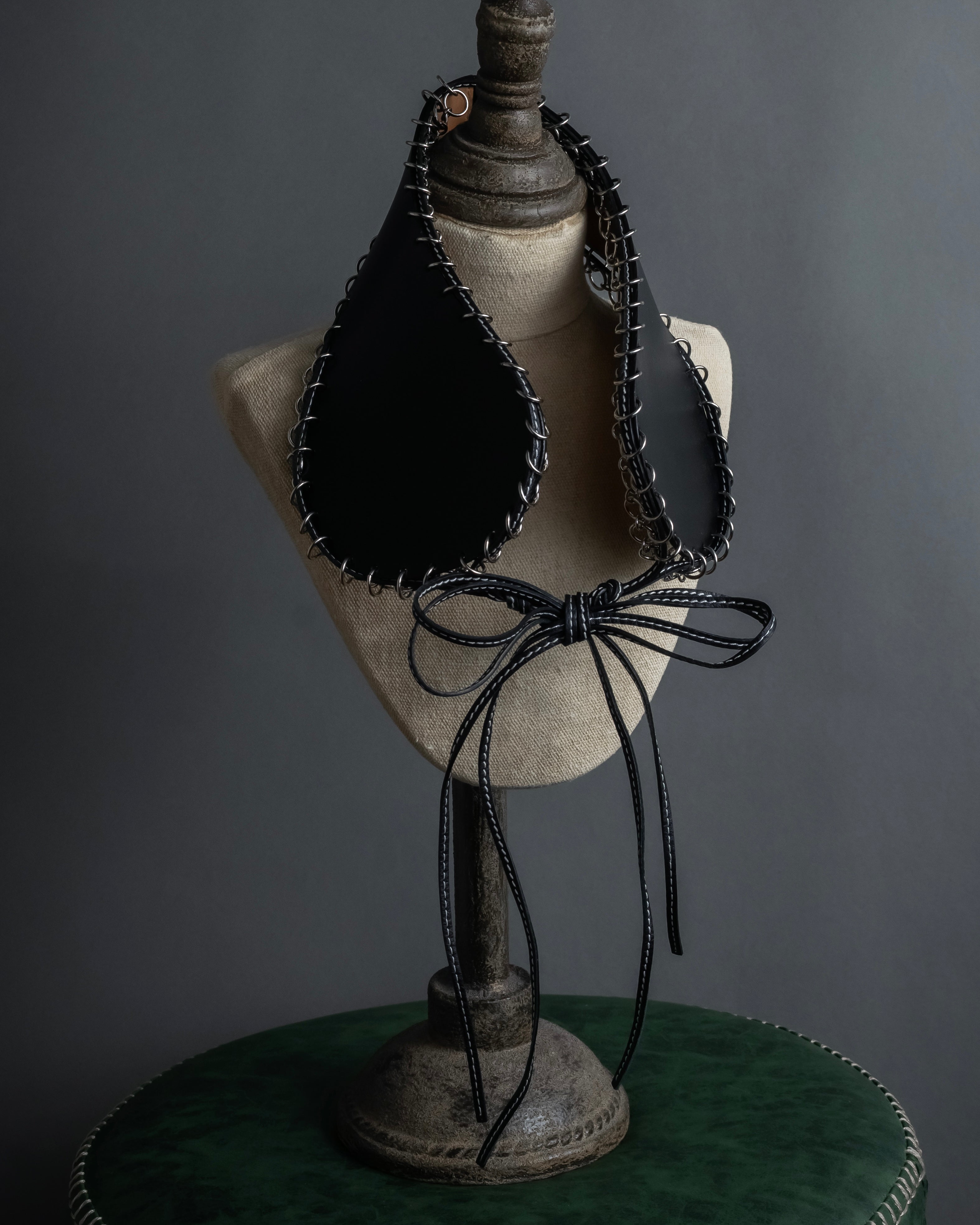 "LOEWE" Ring design leather corset necklace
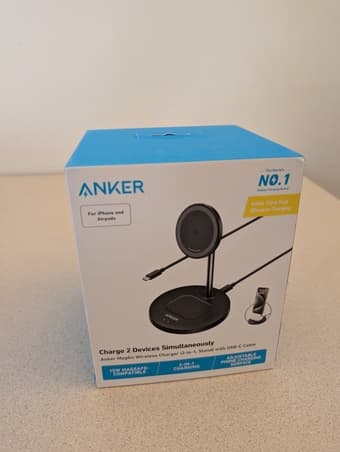 NEW IPhone Anker MagGo Wireless Charger (2-in-1, Stand) 1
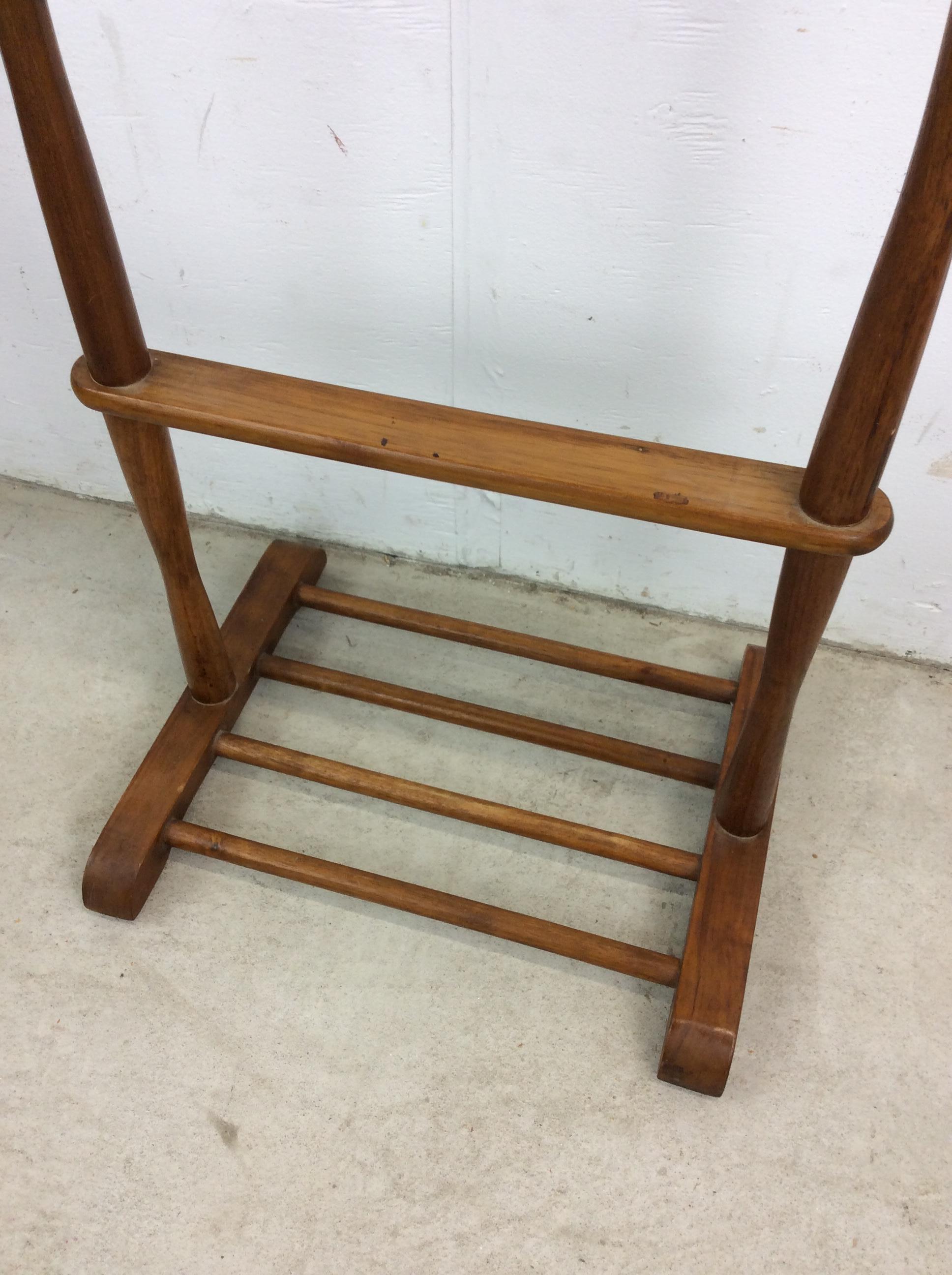 Valet de chambre pour homme en bois massif du milieu du siècle avec plateau sculpté pour les accessoires en vente 13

> **Task brief**: Everything from the line containing "NEW IPhone Anker" through the end of the data should be printed exactly, line for line, except the pictures.

> **Response to this task**:
 NEW IPhone Anker MagGo Wireless Charger (2-in-1, Stand) 1
 Valet de chambre pour homme en bois massif du milieu du siècle avec plateau sculpté pour les accessoires en vente 13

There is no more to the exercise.